すっと建物の陰や隙間から、局部を黒革で隠した男たちが現れた。首輪付きで、鎖をぶらつかせて、ダガーや斧を持っている。
「うわ、キッツ……」
何という格好をしているんだ、こいつらは。何とも言えない気分になったところで、ふと、最近嗅いだことがある香水が鼻をかすめた。

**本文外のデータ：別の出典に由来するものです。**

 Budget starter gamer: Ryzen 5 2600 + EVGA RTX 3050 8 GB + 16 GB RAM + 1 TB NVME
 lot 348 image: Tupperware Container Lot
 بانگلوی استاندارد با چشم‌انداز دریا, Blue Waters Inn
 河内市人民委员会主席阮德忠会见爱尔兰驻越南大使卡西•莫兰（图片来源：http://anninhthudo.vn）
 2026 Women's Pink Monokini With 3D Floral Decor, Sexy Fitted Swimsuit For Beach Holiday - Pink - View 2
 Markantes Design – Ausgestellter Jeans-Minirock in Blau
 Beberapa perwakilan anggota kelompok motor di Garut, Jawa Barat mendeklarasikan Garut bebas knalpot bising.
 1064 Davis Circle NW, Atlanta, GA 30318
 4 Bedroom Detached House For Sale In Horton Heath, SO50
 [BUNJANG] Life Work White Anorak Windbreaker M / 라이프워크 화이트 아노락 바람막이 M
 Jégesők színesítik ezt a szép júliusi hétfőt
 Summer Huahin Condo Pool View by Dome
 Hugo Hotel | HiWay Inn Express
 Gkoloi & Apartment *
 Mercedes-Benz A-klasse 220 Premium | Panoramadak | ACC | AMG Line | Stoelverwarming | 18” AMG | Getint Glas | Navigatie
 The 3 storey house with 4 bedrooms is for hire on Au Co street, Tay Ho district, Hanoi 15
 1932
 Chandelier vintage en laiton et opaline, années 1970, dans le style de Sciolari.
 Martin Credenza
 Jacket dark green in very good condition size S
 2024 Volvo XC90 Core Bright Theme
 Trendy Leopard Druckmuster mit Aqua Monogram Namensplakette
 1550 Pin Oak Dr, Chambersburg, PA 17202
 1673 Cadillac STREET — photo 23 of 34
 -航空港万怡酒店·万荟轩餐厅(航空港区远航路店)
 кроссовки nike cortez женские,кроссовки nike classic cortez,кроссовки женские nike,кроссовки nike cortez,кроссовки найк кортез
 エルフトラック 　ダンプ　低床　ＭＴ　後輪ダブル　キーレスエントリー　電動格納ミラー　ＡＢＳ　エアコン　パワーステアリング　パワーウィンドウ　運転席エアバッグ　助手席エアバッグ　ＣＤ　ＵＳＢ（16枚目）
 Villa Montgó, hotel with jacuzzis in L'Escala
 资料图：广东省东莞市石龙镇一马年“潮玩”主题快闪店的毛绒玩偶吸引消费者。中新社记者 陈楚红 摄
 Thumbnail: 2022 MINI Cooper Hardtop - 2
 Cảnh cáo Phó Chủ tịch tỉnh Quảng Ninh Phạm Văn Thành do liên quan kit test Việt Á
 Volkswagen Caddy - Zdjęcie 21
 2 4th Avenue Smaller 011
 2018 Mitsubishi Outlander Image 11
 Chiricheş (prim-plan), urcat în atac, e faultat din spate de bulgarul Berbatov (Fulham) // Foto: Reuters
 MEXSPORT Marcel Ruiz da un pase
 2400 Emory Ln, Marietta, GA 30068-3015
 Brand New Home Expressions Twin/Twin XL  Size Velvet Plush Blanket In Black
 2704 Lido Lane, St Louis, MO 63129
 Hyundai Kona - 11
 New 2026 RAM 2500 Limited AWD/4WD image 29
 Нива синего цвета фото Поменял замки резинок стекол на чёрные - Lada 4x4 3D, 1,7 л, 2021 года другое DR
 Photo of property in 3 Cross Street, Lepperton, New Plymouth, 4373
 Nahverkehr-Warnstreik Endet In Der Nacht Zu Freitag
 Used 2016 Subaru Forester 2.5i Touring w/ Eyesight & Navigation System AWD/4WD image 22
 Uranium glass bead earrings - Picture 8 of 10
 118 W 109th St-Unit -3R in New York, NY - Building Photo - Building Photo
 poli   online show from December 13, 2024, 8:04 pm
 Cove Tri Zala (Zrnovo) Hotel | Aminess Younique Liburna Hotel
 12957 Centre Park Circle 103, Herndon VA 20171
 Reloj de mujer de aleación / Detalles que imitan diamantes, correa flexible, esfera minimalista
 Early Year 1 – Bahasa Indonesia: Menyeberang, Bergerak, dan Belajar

「あらあら、一人で夜歩きなんて、無用心でなくて? 大公サマ」
「おかしいな。お前は死んだと思っていたが」
暗殺者ギルドのマスターであるハリダの愛人、エリルがこちらも黒革の怪しい格好で現れた。こいつも殺し屋だったっけか。
「そうね、危うく殺されそうになったけれど――」
痴女、もとい暗殺者エリルの唇が艶やかに歪んだ。
「あいにくと、そう簡単に死ねないのよねぇ、ワタシは」
「まあ、いいさ。生きているんならちょうどいい。お前には色々聞きたいことがあったからな」
「あら、スリーサイズかしら? それとも夜のお付き合いの話かしら?」
怪しく腰に手を回すエリル。誘っているのかねぇ、少々お下品ではないかね?
「お前は帝国の工作員か?」
「……なんだ、つまらない質問。がっかりだわ」
エリルは大げさに拗ねた。
「まあいいわ。ワタシの魔眼を見た者は魅了される――あなたもおしまいよ、大公サマ」
魔眼、だと……! つまりこいつは、悪魔――
「サキュバスか」
「ご名答! でも、もう遅いわよ」
エリルが目を大きく見開き、勝ちを確信した笑みを浮かべた。
「ワタシの目を見てしまったあなたは、もうワタシの虜。そこらの男のようにワタシに跪いて、奴隷となるのよ」
……周りにいる怪しい男たちは、エリルに魅了された奴隷たちか。なるほど、イケメン漁って、ご満悦ってやつですか。
「さあ、アレス……いらっしゃぁい」
甘く誘うエリル。
「ワタシの前に跪いて、靴を舐めさせてあげるわ」
俺は、エリルに近づく。ニヤニヤと実にイヤらしい顔をする女だった。エリルは、首輪を持った。
「この従属の首輪で、あなたを心身とも奴隷にしてあげる。五十年前の大悪魔たちの復讐……というわけではないけれど、あなたを奴隷にしたらワタシの株も上がるってものよ」
なるほど、こいつは悪魔視点で、俺の暗殺を図ったわけか。帝国が報酬を、という話は、ハリダを動かすための嘘だったのかな。何でもかんでも帝国のせいにするべきではなかったかもしれない。
「んー、ゾクゾクしてきたわぁ。この男を奴隷にしたら、何をさせようかしら。裸にひん剥いて、晒し物にしてやろうかしら。人気の大公サマが、被虐思考のド変態と知ったら、さぞ王国の民もがっかりするでしょうね」
エリルは自身の体を抱きしめるように腕を動かすと、恍惚とした表情になった。
「侮蔑に満ちた視線を浴びて、興奮する変態大公サマ。……イイっ、実に、イイ! さあ、アレス。ワタシの靴を犬のようにしゃぶりなさい。そうしたら首輪をつけて飼ってあげるから――っ!」
「残念だが」
俺の手はエリルの細い首を掴んだ。
「妄想を垂れ流すのは、淑女として如何なものかと思う」
「う、そっ……馬鹿な――魔眼が、効か、ない……?」
「ちょっとは効いたかもしれないが、残念ながら俺の中にある呪いの効果のほうが強いようだ」
魅了のレベルが、俺の状態異常の呪いと比べたら、カスみたいもののようだ。五十年前の大悪魔たちの呪いを舐めるなよ、と。格が違うんだよ、低級悪魔。
「散々言ってくれたわけだが、人にそういうことを言ったら、自分がそうされたとしても文句は言えないよな? 変態暗殺者さん?」
あと、その首輪も没収な。……いや、やっぱり返すわ。エリルの首に、首輪をプレゼントだ。